The music video is a universally abused form... directors throw visual gimmicks, old tropes, and intense special effects together and shake them, and if they have enough studio backing, they throw the resulting masturbatory vomit onto MTV, where that sort of thing belongs. The ubiquitous tendency of music videos to supernova has overshadowed a little-known fact: music videos can be beautiful and delicate, just like any other developed art form. It's left up to a few thoughtful bands, like Gnarles Barkley and OkGo, to keep proving this by offering alternatives to the overwhelming onslaught of hyperproduced MTV tripe.

Barkley's video, Crazy, and OkGo's music video for Here We Go Again are very different, but I contend that they're both aiming at the same target. By way of very different paths, both videos are stepping off the freight train of music video excess and showcasing a sort of visual minimalism, mobilizing simplicity, symmetry, and continuity to emphasize the strengths of the respective songs.

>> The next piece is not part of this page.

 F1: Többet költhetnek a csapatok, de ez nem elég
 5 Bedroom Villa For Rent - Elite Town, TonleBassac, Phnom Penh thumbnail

I mentioned the sweeping differences between these two videos, and I'll examine them from that direction first. The primary difference is production value... Crazy's brilliant, elaborate Rorschach inkblots must have taken hundreds of hours (at a cost of hundreds of thousands of dollars) to tweak and rotoscope on a high-end graphics machine. This kind of work is painfully detailed and time-consuming... I've tried it. I could hardly make the computer spell my damn name. Whatever the time investment, this production value adds up to a smooth, meditative visual effect with a subliminal edge, something that unfolds the same way Cee-Lo's voice unfolds from Danger Mouse's bassy beats.

OkGo's production value, on the other hand, is basement-dwelling. It looks like the guys spent a few hours messing around with treadmills and a video camera, and that their bizarre, choreographed stroke of genius was the child of their meagerly-funded free time. Note the contrast in the music, and how it reflects in the contrast in production quality... Gnarles Barkley's music is smooth and polished, so the video is the result of a marathon of tinkering and beautification, whereas OkGo's music is freewheeling and spontaneous, so the video is a back-room jaunt of power-pop tomfoolery. In both cases, though, the effect of the minimalism is to distill the essential effect from the visuals so the music is complimented on the most effective level.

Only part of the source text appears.